What the task asks: In the answer, each entry below appears exactly as given, and no picture appears at all.

⟨

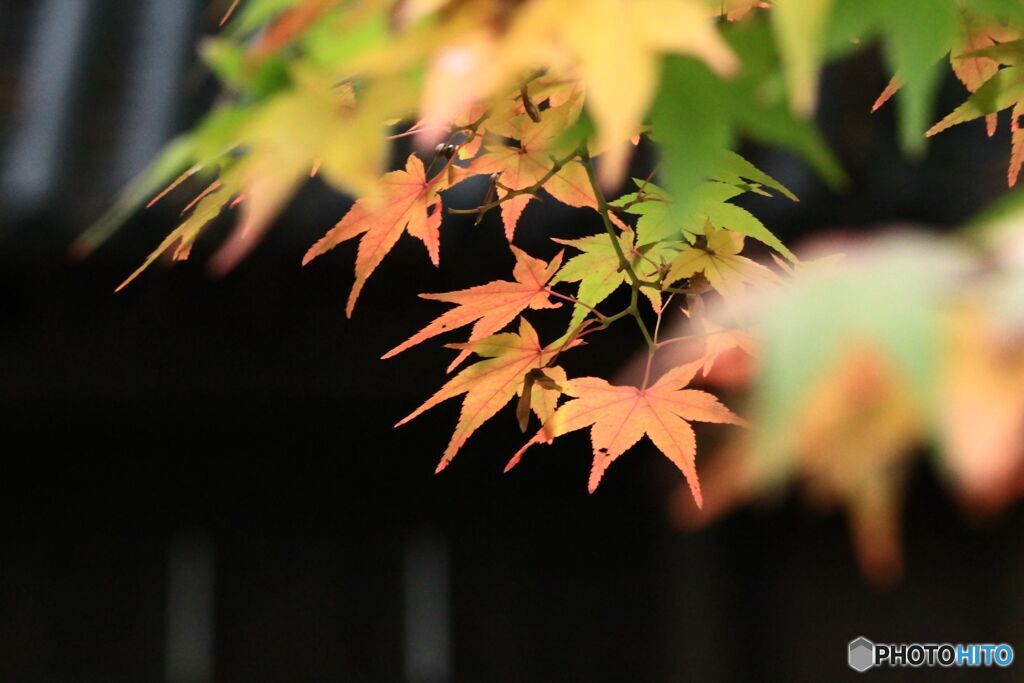 宝福寺の秋（１）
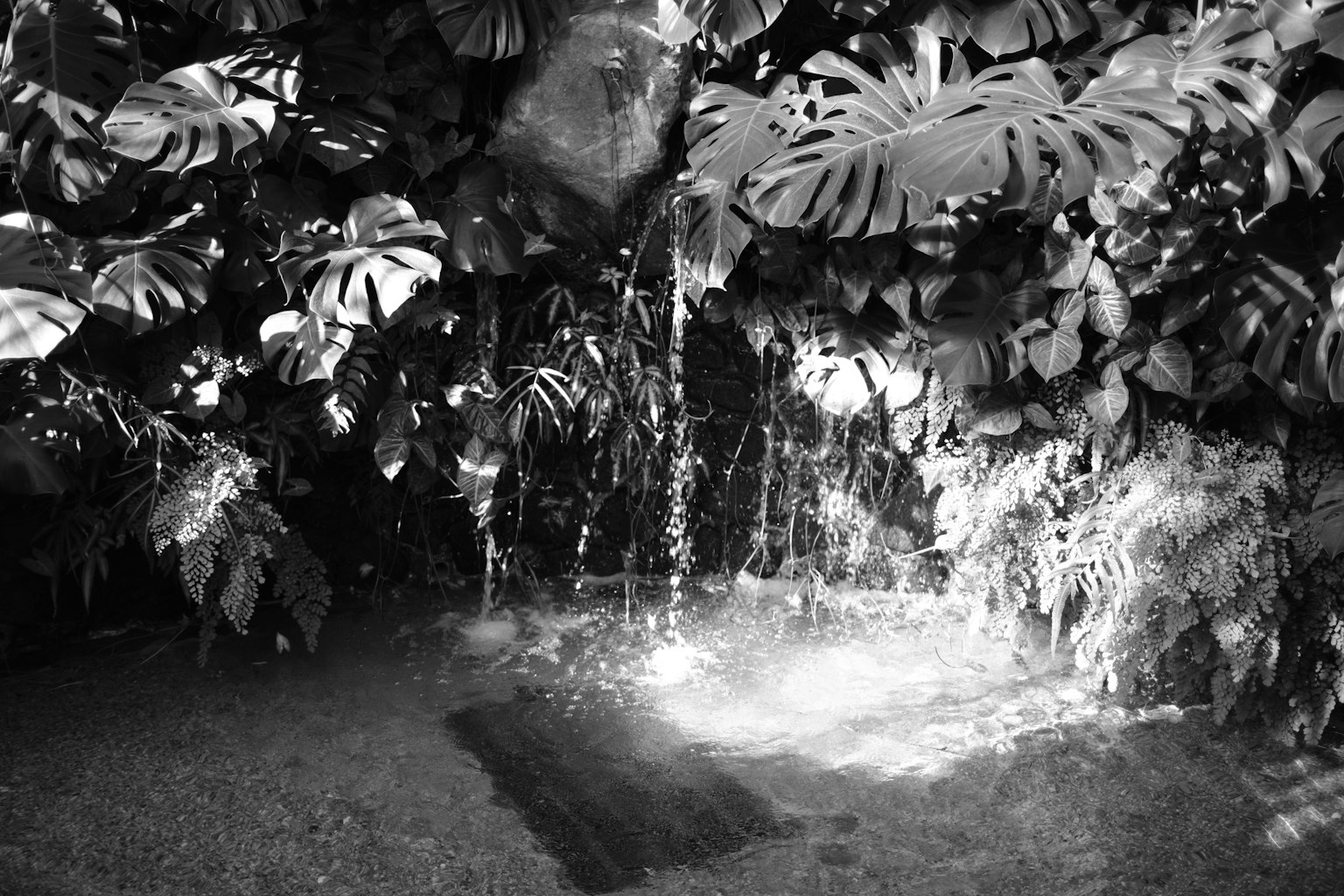 Immagine in bianco e nero di una cascata circondata da piante tropicali e riflessi di luce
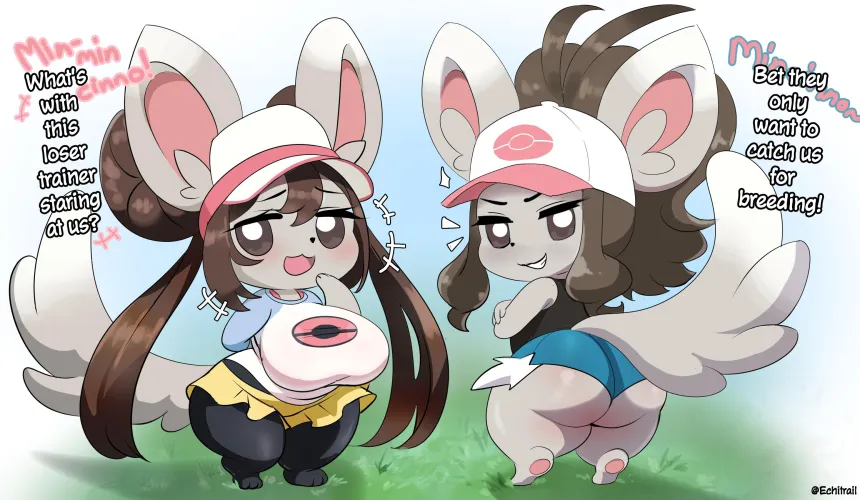 Mincinno Rosa and Hilda (Ecchitrail) by Ecchitrail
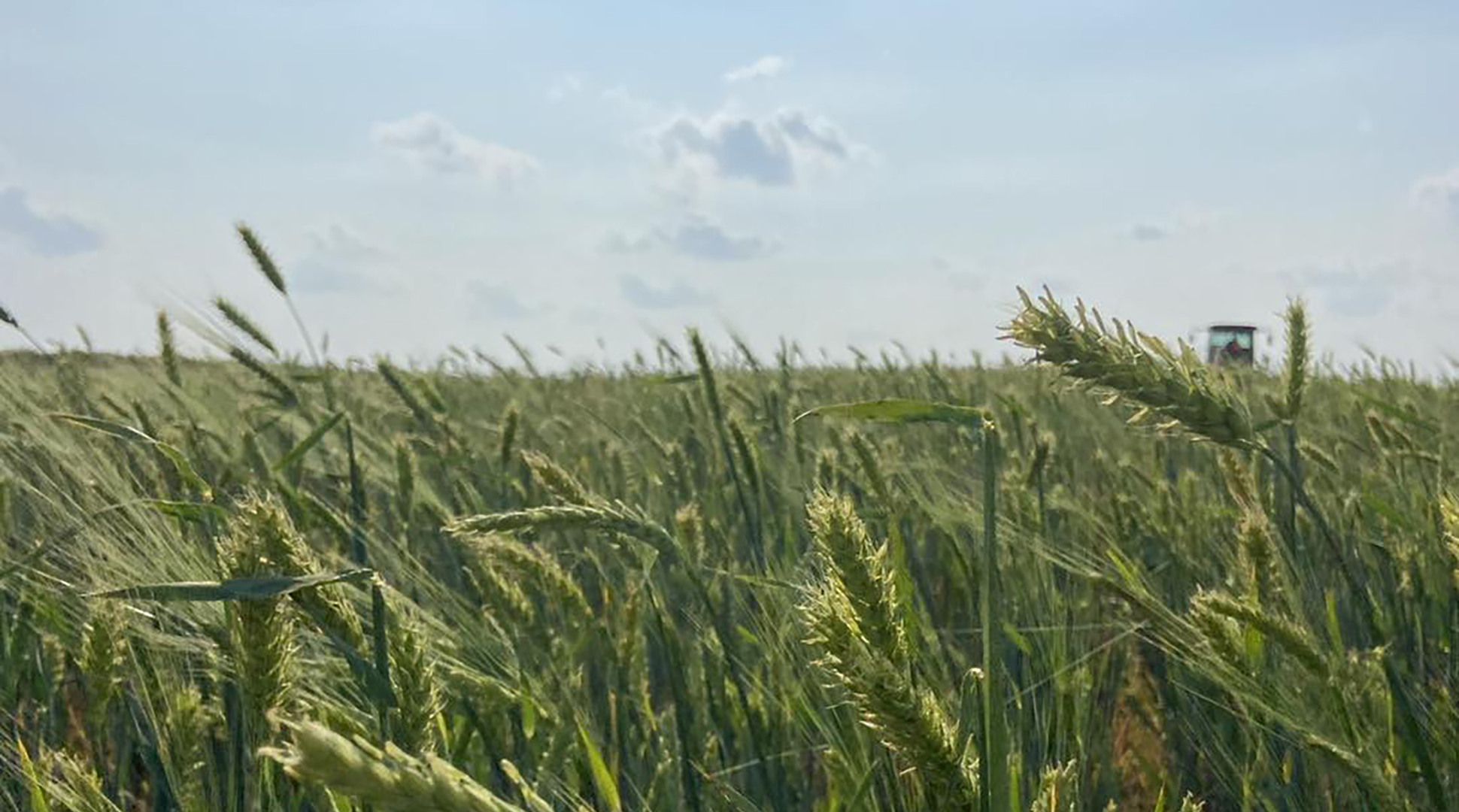 Why do ranchers hay??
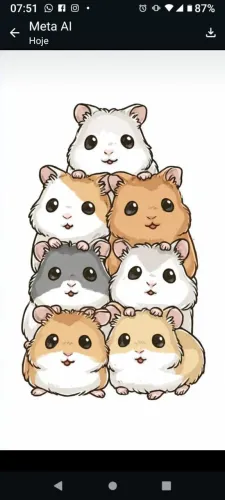 HAMSTERS SÍRIOS FILHOTES LEGÍTIMOS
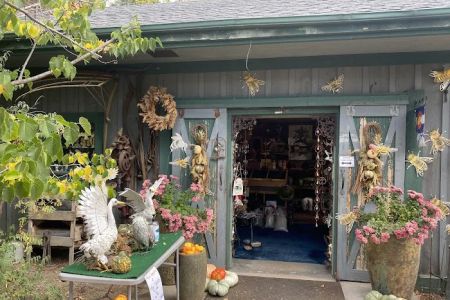 This Place Is For The Birds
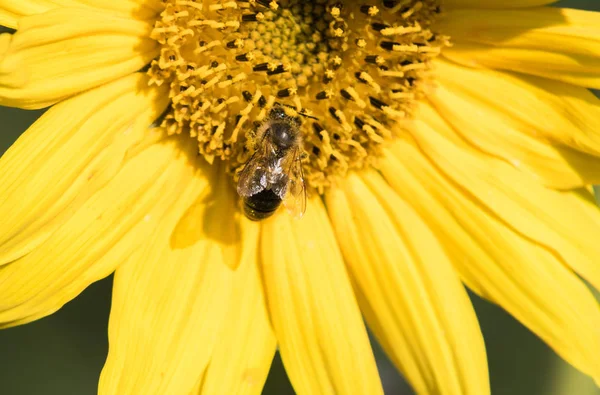 Bir Arı Nektarı Ayçiçeği Bir Çiçek Toplar — Stok fotoğraf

⟩

Answer space:
 宝福寺の秋（１）
 Immagine in bianco e nero di una cascata circondata da piante tropicali e riflessi di luce
 Mincinno Rosa and Hilda (Ecchitrail) by Ecchitrail
 Why do ranchers hay??
 HAMSTERS SÍRIOS FILHOTES LEGÍTIMOS
 This Place Is For The Birds
 Bir Arı Nektarı Ayçiçeği Bir Çiçek Toplar — Stok fotoğraf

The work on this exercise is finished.